WAIS indexing with URLs
kevinh@pulua.hcc.hawaii.edu (Kevin 'Kev' Hughes)
Date: Fri, 26 Nov 93 04:02:43 HST
From: kevinh@pulua.hcc.hawaii.edu (Kevin 'Kev' Hughes)
Message-id: <9311261402.AA15781@pulua.hcc.Hawaii.Edu>
To: www-talk@nxoc01.cern.ch
Subject: WAIS indexing with URLs
Off of Marc's early documentation, I've put together the following
script using URL support in freeWAIS 2.0.2. However, using the feature
seems to break the -nocontents flag, so I've commented out the lines that
index image/code things. (It gets painfully slow if you have a lot of images.)
IMHO, I don't think it works all that well. I suppose I like
seeing the full URL more, but I still want it to refer to a real URL,
not this WAIS docid stuff.
For now, the index is going through
http://www.ncsa.uiuc.edu:8001/www.hcc.hawaii.edu:2010/index
-- Kevin
----
#! /bin/csh
set rootdir = /www
set index = /usr/local/etc/http/index
set indexprog = /usr/local/etc/http/waisindex
set url = http://www.hcc.hawaii.edu
cd $rootdir
set num = 0
foreach pathname (`du $rootdir | cut -f2 | tail -r`)

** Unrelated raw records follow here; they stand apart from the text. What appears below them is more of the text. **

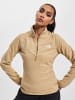 The North Face The North Face Half-Zip in khaki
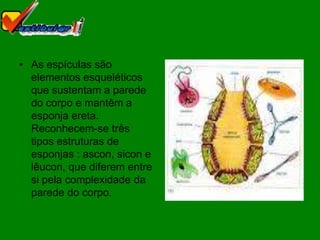 • As espículas são
  elementos esqueléticos
  que sustentam a parede
  do corpo e mantêm a
  esponja ereta.
  Reconhecem-se três
  tipos estruturas de
  esponjas : ascon, sicon e
  lêucon, que diferem entre
  si pela complexidade da
  parede do corpo.
 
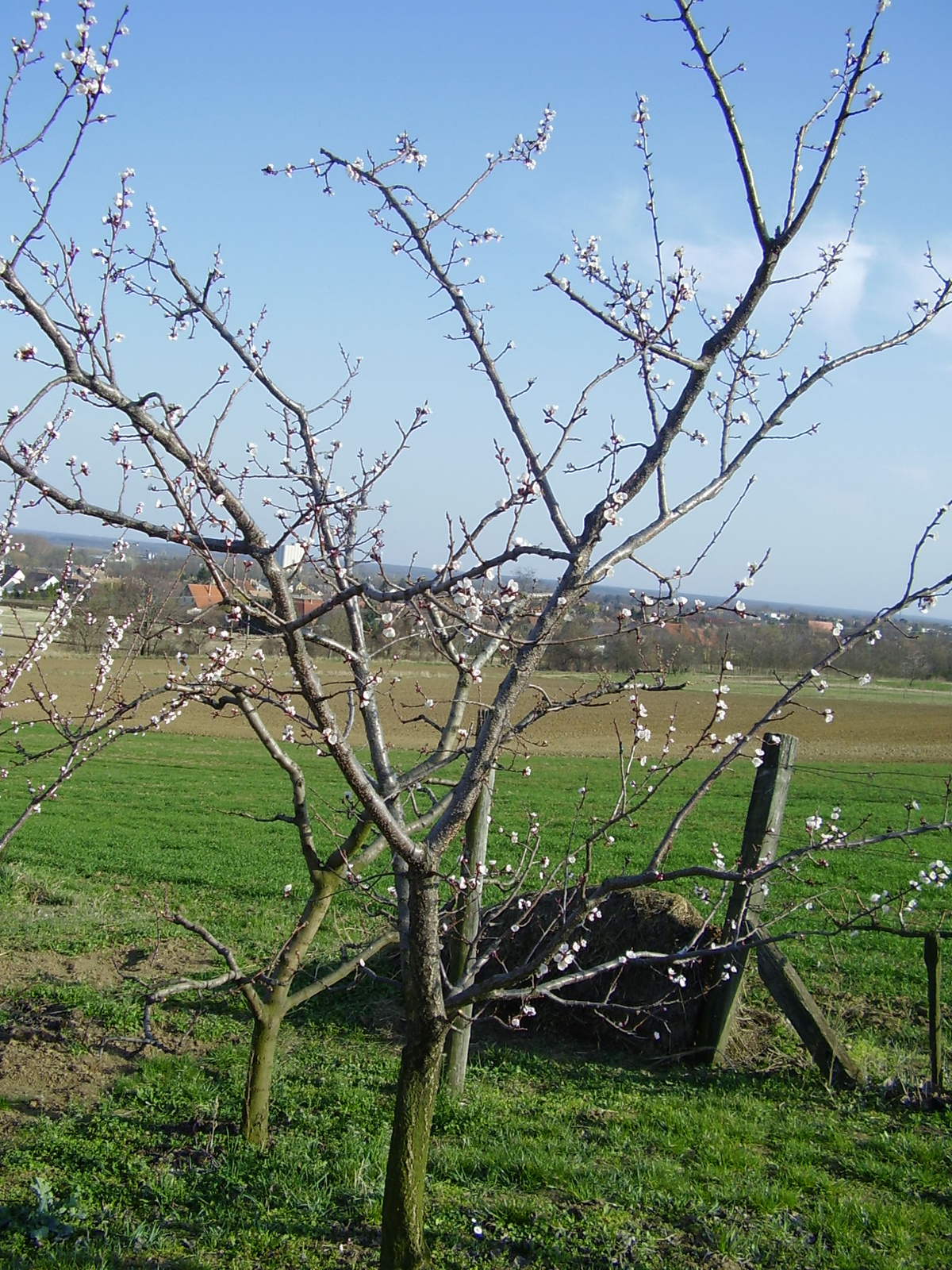 Ceglédi bíbor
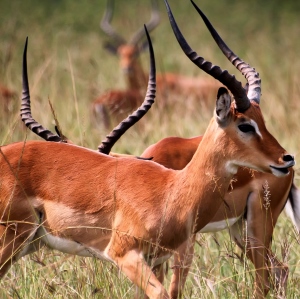 Akagera National Park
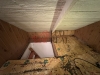 IMG_5845.jpeg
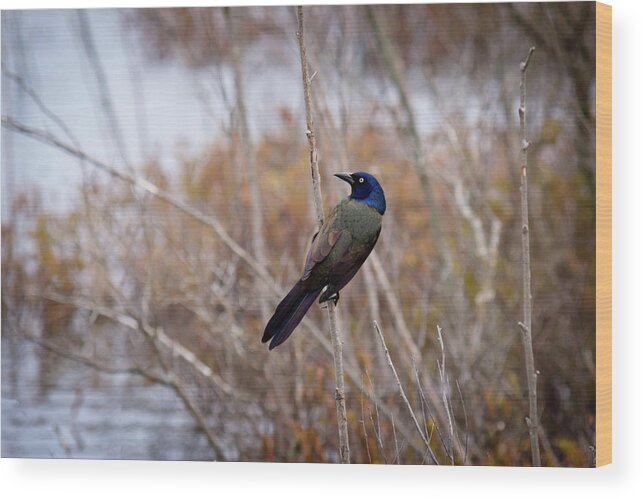 Common Grackle Wood Print featuring the photograph The Grackle by Steve L'Italien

echo "Current pathname is: $pathname"
if ($num == 0) then
set exportflag = "-export"
else
set exportflag = "-a"
endif
$indexprog -d $index $exportflag -t URL $rootdir $url $pathname/*.html
$indexprog -d $index -a -t URL $rootdir $url $pathname/*.txt
# $indexprog -d $index -a -t URL $rootdir $url $pathname/*.ps
# $indexprog -d $index -a -t URL $rootdir $url $pathname/*.gif
# $indexprog -d $index -a -t URL $rootdir $url $pathname/*.au
# $indexprog -d $index -a -t URL $rootdir $url $pathname/*.hqx
# $indexprog -d $index -a -t URL $rootdir $url $pathname/*.xbm
# $indexprog -d $index -a -t URL $rootdir $url $pathname/*.mpg
# $indexprog -d $index -a -t URL $rootdir $url $pathname/*.c
@ num++
end
echo "$num directories were indexed."